Peridot has become an interesting case of cognitive dissonance as she tries reconcile her shifting feelings towards the Crystal Gems and life on Earth with her sense of subservience to and deification of the Diamond Authority. That duality is the subject at the heart of It Could’ve Been Great, and it is even reflected in the episode’s structure as roughly half of its runtime is spent on Earth while the second half is spent visiting a Gem outpost on the Moon. Peridot is still a newcomer to the Earth, and the alliance of convenience that has been formed between her and the Crystal Gems becomes strained as we learn more about the colonization process, and discover how devoted to her masters Peridot appears to be.
The start of the episode might be amongst my favorite Peridot moments (The list of those has become quite long since Catch and Release) as Steven attempts to introduce Peridot to more of Earth’s beauty through music. The process of him explaining music to her goes by a bit quickly, but it has some nice comedic moments, and watching Peridot build off of Steven’s song “Peace and Love on the Planet Earth,” was a great moment for the character as she sings the final lines of the song along with the rest of the Gems. They complete the construction of the drill, but Peridot realizes that they still don’t have the exact coordinates for the location of the Cluster. Pearl suggest that they may be able to find the information on an abandoned Diamond outpost located on the Moon. There is no warp pad leading to the base, so they have to rely on Lion’s portal ability to get them there. The process leaves Lion exhausted, suggesting that there is a limit to the portal ability.
The styling of the base relies on the colors white, yellow, pink, and blue suggesting that there is probably a single Diamond for each. From practically the moment they arrive Peridot is in awe of the location, and quickly seeks out a mural of Yellow Diamond. The Gems are clearly concerned by Peridot’s excitement and even Steven seems slightly unnerved by her enthusiasm. Even after finding the information they came for, Peridot remains enthralled by what the Diamonds had planned for the Earth eventually leading to the titular line. It serves to highlight the key difference in how Peridot and the Gems perceive Homeworld’s involvement, and Garnet and Peridot nearly come to blows over it. Peridot takes a notable step over the line when she disparages the efforts of Rose Quartz, and claims that, rather than save the Earth, she merely delayed the inevitable. It is a wedge that quite clearly splits Peridot’s interests from those of the rest of the group, and as the episode comes to an end, Peridot’s allegiances remain as ambiguous as ever.
Before I wrap up a few Notes and Nitpicks:
- Okay, seriously, what was the room with the floating orb? When Steven asks about it, the Gems simply state that it isn’t what they came for, but it isn’t clear one way or another if they knew what it was. Either way, it feels significant, and it has me more than a little curious.

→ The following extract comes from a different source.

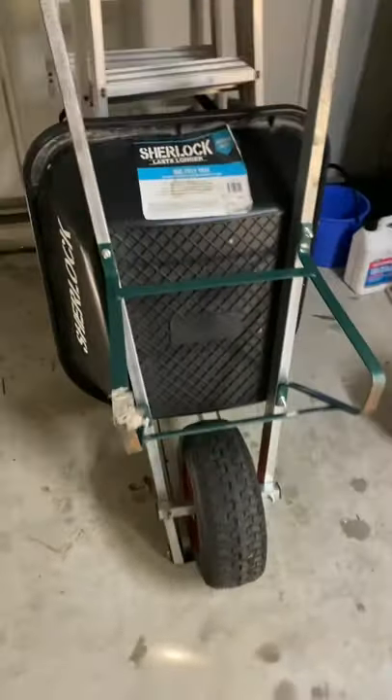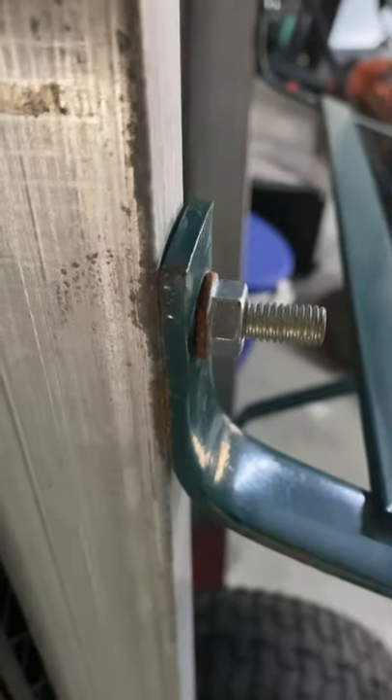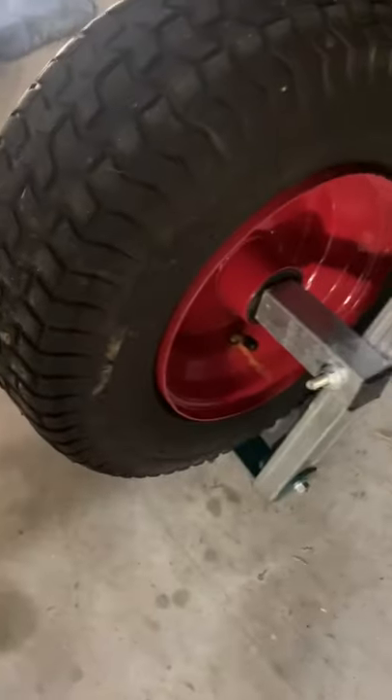G'day grass cutters, Rory here from Greens Lawn and Garden. Quick little tip: if you purchase a Sherlock wheelbarrow, or any wheelbarrow for that matter, first thing you want to do is buy some washers. They don't come with them as standard and they do come loose over time, especially the front ones on the front axle.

- The image of the projected plan for the colonized version of Earth fading away to reveal the real thing through the window was a nice visual touch.
- The detail about Gems’ bodies automatically shifting to match the gravity of any planetoid is a fun one. It would have been easy to write in something like gravity generators, but this feels like it expands the world just a little bit more. It clearly takes a bit more effort to animate, since Steven’s movements become different from everyone else’s, but it’s the kind of minor narrative flourish that I really appreciate.
It Could've Been Great more than lives up to its title. The expedition to the outpost on the Moon serves as a great opportunity for character building when it comes to both Peridot, as well as the Crystal Gems as a group.